╭─ INPUT DATA

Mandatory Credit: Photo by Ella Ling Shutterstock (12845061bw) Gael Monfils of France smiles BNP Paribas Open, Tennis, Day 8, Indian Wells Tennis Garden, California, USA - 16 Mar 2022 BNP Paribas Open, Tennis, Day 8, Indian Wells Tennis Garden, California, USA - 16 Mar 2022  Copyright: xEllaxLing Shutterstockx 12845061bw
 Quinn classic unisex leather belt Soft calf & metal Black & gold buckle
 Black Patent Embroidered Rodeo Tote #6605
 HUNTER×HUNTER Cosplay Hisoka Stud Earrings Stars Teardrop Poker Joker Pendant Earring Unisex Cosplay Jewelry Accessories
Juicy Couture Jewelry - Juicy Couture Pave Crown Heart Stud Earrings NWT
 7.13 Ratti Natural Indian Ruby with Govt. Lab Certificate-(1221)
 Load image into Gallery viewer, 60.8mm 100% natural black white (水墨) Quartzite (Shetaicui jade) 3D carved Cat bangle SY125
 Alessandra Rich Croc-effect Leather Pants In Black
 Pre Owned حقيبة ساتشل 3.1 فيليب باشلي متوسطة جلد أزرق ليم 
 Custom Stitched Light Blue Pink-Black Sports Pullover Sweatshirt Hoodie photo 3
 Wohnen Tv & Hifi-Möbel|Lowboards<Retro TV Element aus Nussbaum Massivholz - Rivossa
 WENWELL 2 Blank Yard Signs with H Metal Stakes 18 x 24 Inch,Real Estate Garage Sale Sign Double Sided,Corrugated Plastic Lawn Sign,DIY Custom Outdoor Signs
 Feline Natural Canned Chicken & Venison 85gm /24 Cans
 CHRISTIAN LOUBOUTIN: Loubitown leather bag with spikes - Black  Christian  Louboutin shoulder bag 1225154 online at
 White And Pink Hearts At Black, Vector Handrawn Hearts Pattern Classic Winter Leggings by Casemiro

╰─

__EXERCISE__
Could you reproduce all the records exactly?

__RESPONSE TO THE EXERCISE__
Mandatory Credit: Photo by Ella Ling Shutterstock (12845061bw) Gael Monfils of France smiles BNP Paribas Open, Tennis, Day 8, Indian Wells Tennis Garden, California, USA - 16 Mar 2022 BNP Paribas Open, Tennis, Day 8, Indian Wells Tennis Garden, California, USA - 16 Mar 2022  Copyright: xEllaxLing Shutterstockx 12845061bw
 Quinn classic unisex leather belt Soft calf & metal Black & gold buckle
 Black Patent Embroidered Rodeo Tote #6605
 HUNTER×HUNTER Cosplay Hisoka Stud Earrings Stars Teardrop Poker Joker Pendant Earring Unisex Cosplay Jewelry Accessories
Juicy Couture Jewelry - Juicy Couture Pave Crown Heart Stud Earrings NWT
 7.13 Ratti Natural Indian Ruby with Govt. Lab Certificate-(1221)
 Load image into Gallery viewer, 60.8mm 100% natural black white (水墨) Quartzite (Shetaicui jade) 3D carved Cat bangle SY125
 Alessandra Rich Croc-effect Leather Pants In Black
 Pre Owned حقيبة ساتشل 3.1 فيليب باشلي متوسطة جلد أزرق ليم 
 Custom Stitched Light Blue Pink-Black Sports Pullover Sweatshirt Hoodie photo 3
 Wohnen Tv & Hifi-Möbel|Lowboards<Retro TV Element aus Nussbaum Massivholz - Rivossa
 WENWELL 2 Blank Yard Signs with H Metal Stakes 18 x 24 Inch,Real Estate Garage Sale Sign Double Sided,Corrugated Plastic Lawn Sign,DIY Custom Outdoor Signs
 Feline Natural Canned Chicken & Venison 85gm /24 Cans
 CHRISTIAN LOUBOUTIN: Loubitown leather bag with spikes - Black  Christian  Louboutin shoulder bag 1225154 online at
 White And Pink Hearts At Black, Vector Handrawn Hearts Pattern Classic Winter Leggings by Casemiro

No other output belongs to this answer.